▸ WHAT NEEDS TO BE DONE
Go through the records underneath and write each one out again exactly.

** RECORDED INFORMATION follows **

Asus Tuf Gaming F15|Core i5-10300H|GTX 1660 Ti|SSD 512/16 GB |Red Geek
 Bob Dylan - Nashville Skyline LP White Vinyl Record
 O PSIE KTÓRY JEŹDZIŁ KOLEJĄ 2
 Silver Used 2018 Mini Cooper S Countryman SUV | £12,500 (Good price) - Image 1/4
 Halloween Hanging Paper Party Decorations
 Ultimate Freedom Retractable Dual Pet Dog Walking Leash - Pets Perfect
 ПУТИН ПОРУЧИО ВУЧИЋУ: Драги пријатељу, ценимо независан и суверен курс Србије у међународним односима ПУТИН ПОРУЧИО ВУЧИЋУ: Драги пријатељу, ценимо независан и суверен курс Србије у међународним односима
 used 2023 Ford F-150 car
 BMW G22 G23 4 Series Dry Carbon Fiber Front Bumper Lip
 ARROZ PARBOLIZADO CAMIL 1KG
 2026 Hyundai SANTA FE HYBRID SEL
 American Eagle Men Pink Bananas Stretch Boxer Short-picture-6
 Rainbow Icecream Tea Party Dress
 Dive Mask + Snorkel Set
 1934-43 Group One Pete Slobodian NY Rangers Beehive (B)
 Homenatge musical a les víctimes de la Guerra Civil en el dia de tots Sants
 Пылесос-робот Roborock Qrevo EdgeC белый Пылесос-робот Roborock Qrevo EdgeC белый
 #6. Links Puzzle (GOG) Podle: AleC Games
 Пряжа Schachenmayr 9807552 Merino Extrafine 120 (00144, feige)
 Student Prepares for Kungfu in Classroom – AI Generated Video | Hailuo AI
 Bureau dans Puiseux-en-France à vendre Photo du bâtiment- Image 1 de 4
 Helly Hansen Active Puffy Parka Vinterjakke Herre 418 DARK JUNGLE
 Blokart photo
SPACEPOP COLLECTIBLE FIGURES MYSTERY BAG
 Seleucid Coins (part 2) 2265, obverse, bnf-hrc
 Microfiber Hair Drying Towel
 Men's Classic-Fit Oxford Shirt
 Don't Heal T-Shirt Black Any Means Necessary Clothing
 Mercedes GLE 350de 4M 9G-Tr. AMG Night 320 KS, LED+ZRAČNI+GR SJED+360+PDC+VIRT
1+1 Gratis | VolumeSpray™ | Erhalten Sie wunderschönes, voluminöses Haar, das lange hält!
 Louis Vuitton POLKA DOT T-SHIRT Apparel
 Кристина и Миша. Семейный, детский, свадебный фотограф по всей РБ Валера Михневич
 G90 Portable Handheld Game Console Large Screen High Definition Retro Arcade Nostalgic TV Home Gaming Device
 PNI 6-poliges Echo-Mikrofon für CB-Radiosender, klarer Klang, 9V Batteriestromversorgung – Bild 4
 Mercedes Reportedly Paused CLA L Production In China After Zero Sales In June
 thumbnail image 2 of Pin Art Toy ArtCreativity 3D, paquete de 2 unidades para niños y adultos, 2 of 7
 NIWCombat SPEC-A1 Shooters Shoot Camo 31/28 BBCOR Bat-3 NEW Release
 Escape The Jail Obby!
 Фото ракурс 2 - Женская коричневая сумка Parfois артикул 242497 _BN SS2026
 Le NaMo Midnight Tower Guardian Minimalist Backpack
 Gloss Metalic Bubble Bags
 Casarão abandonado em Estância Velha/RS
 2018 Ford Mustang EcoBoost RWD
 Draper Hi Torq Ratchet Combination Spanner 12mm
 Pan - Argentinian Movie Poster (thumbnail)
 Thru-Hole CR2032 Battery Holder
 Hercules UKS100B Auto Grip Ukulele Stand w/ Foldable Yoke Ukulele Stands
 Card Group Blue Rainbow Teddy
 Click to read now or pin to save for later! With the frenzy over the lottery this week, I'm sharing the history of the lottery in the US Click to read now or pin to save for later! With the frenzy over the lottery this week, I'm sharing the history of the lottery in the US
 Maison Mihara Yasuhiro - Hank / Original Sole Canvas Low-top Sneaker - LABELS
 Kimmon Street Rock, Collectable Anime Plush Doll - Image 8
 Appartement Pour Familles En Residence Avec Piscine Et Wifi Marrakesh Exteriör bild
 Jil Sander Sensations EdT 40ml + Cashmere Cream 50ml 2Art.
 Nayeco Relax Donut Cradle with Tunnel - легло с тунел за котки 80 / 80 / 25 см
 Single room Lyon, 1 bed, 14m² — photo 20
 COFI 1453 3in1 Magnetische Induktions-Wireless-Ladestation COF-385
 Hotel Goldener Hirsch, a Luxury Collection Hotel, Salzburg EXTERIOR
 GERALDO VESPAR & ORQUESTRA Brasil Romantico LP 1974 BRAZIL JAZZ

** End of RECORDED INFORMATION **

▸ RESULT OF THE TASK
Asus Tuf Gaming F15|Core i5-10300H|GTX 1660 Ti|SSD 512/16 GB |Red Geek
 Bob Dylan - Nashville Skyline LP White Vinyl Record
 O PSIE KTÓRY JEŹDZIŁ KOLEJĄ 2
 Silver Used 2018 Mini Cooper S Countryman SUV | £12,500 (Good price) - Image 1/4
 Halloween Hanging Paper Party Decorations
 Ultimate Freedom Retractable Dual Pet Dog Walking Leash - Pets Perfect
 ПУТИН ПОРУЧИО ВУЧИЋУ: Драги пријатељу, ценимо независан и суверен курс Србије у међународним односима ПУТИН ПОРУЧИО ВУЧИЋУ: Драги пријатељу, ценимо независан и суверен курс Србије у међународним односима
 used 2023 Ford F-150 car
 BMW G22 G23 4 Series Dry Carbon Fiber Front Bumper Lip
 ARROZ PARBOLIZADO CAMIL 1KG
 2026 Hyundai SANTA FE HYBRID SEL
 American Eagle Men Pink Bananas Stretch Boxer Short-picture-6
 Rainbow Icecream Tea Party Dress
 Dive Mask + Snorkel Set
 1934-43 Group One Pete Slobodian NY Rangers Beehive (B)
 Homenatge musical a les víctimes de la Guerra Civil en el dia de tots Sants
 Пылесос-робот Roborock Qrevo EdgeC белый Пылесос-робот Roborock Qrevo EdgeC белый
 #6. Links Puzzle (GOG) Podle: AleC Games
 Пряжа Schachenmayr 9807552 Merino Extrafine 120 (00144, feige)
 Student Prepares for Kungfu in Classroom – AI Generated Video | Hailuo AI
 Bureau dans Puiseux-en-France à vendre Photo du bâtiment- Image 1 de 4
 Helly Hansen Active Puffy Parka Vinterjakke Herre 418 DARK JUNGLE
 Blokart photo
SPACEPOP COLLECTIBLE FIGURES MYSTERY BAG
 Seleucid Coins (part 2) 2265, obverse, bnf-hrc
 Microfiber Hair Drying Towel
 Men's Classic-Fit Oxford Shirt
 Don't Heal T-Shirt Black Any Means Necessary Clothing
 Mercedes GLE 350de 4M 9G-Tr. AMG Night 320 KS, LED+ZRAČNI+GR SJED+360+PDC+VIRT
1+1 Gratis | VolumeSpray™ | Erhalten Sie wunderschönes, voluminöses Haar, das lange hält!
 Louis Vuitton POLKA DOT T-SHIRT Apparel
 Кристина и Миша. Семейный, детский, свадебный фотограф по всей РБ Валера Михневич
 G90 Portable Handheld Game Console Large Screen High Definition Retro Arcade Nostalgic TV Home Gaming Device
 PNI 6-poliges Echo-Mikrofon für CB-Radiosender, klarer Klang, 9V Batteriestromversorgung – Bild 4
 Mercedes Reportedly Paused CLA L Production In China After Zero Sales In June
 thumbnail image 2 of Pin Art Toy ArtCreativity 3D, paquete de 2 unidades para niños y adultos, 2 of 7
 NIWCombat SPEC-A1 Shooters Shoot Camo 31/28 BBCOR Bat-3 NEW Release
 Escape The Jail Obby!
 Фото ракурс 2 - Женская коричневая сумка Parfois артикул 242497 _BN SS2026
 Le NaMo Midnight Tower Guardian Minimalist Backpack
 Gloss Metalic Bubble Bags
 Casarão abandonado em Estância Velha/RS
 2018 Ford Mustang EcoBoost RWD
 Draper Hi Torq Ratchet Combination Spanner 12mm
 Pan - Argentinian Movie Poster (thumbnail)
 Thru-Hole CR2032 Battery Holder
 Hercules UKS100B Auto Grip Ukulele Stand w/ Foldable Yoke Ukulele Stands
 Card Group Blue Rainbow Teddy
 Click to read now or pin to save for later! With the frenzy over the lottery this week, I'm sharing the history of the lottery in the US Click to read now or pin to save for later! With the frenzy over the lottery this week, I'm sharing the history of the lottery in the US
 Maison Mihara Yasuhiro - Hank / Original Sole Canvas Low-top Sneaker - LABELS
 Kimmon Street Rock, Collectable Anime Plush Doll - Image 8
 Appartement Pour Familles En Residence Avec Piscine Et Wifi Marrakesh Exteriör bild
 Jil Sander Sensations EdT 40ml + Cashmere Cream 50ml 2Art.
 Nayeco Relax Donut Cradle with Tunnel - легло с тунел за котки 80 / 80 / 25 см
 Single room Lyon, 1 bed, 14m² — photo 20
 COFI 1453 3in1 Magnetische Induktions-Wireless-Ladestation COF-385
 Hotel Goldener Hirsch, a Luxury Collection Hotel, Salzburg EXTERIOR
 GERALDO VESPAR & ORQUESTRA Brasil Romantico LP 1974 BRAZIL JAZZ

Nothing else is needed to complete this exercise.